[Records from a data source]

-------

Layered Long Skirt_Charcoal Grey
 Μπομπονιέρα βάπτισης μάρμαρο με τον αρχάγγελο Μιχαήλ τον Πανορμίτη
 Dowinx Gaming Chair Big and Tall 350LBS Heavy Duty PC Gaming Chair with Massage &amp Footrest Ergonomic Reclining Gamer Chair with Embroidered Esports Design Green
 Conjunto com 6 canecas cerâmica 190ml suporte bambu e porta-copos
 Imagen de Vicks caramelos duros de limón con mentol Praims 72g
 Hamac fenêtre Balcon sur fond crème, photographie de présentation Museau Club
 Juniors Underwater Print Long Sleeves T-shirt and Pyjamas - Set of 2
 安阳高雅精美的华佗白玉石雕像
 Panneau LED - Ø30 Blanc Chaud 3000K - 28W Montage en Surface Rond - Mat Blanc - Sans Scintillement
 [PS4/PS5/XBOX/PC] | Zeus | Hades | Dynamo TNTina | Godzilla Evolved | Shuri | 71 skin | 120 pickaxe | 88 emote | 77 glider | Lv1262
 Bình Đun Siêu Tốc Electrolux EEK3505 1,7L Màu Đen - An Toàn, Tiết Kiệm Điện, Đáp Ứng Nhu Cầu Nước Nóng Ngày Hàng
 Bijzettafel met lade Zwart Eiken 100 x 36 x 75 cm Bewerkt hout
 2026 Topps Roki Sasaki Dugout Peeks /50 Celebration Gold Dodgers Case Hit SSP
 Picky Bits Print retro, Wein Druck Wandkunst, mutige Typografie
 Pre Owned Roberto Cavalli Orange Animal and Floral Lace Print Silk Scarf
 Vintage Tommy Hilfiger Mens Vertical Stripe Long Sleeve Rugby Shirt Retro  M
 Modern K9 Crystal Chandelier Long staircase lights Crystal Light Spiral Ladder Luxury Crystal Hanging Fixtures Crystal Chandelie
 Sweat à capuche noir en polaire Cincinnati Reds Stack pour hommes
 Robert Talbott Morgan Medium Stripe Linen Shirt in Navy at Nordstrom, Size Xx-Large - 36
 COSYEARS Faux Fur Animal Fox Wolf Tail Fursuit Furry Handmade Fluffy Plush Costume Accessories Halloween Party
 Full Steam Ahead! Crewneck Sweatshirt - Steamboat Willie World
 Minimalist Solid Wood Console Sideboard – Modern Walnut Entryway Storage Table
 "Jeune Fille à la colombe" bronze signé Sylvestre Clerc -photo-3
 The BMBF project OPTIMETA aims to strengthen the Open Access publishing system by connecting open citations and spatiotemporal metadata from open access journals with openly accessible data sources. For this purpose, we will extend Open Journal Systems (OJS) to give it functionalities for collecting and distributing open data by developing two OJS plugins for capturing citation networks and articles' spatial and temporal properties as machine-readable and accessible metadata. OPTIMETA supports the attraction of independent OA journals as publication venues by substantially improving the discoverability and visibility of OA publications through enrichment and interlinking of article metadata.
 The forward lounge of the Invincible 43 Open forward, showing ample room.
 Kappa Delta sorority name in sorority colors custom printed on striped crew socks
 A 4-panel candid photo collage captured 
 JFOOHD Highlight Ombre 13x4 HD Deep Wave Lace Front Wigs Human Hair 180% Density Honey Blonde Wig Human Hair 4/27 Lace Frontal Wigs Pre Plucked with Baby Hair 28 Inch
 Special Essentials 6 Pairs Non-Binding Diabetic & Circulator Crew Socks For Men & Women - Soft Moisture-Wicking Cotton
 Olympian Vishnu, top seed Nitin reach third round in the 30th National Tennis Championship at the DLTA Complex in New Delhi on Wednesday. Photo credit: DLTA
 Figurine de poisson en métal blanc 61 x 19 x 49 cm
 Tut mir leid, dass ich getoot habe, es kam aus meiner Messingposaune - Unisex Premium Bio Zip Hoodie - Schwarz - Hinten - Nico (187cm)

-------

Look above for the line with "The BMBF project" and the line with "Kappa Delta sorority", and reproduce exactly those two lines plus every line between, nothing more.

▸ **RESULT OF THIS TASK**
 The BMBF project OPTIMETA aims to strengthen the Open Access publishing system by connecting open citations and spatiotemporal metadata from open access journals with openly accessible data sources. For this purpose, we will extend Open Journal Systems (OJS) to give it functionalities for collecting and distributing open data by developing two OJS plugins for capturing citation networks and articles' spatial and temporal properties as machine-readable and accessible metadata. OPTIMETA supports the attraction of independent OA journals as publication venues by substantially improving the discoverability and visibility of OA publications through enrichment and interlinking of article metadata.
 The forward lounge of the Invincible 43 Open forward, showing ample room.
 Kappa Delta sorority name in sorority colors custom printed on striped crew socks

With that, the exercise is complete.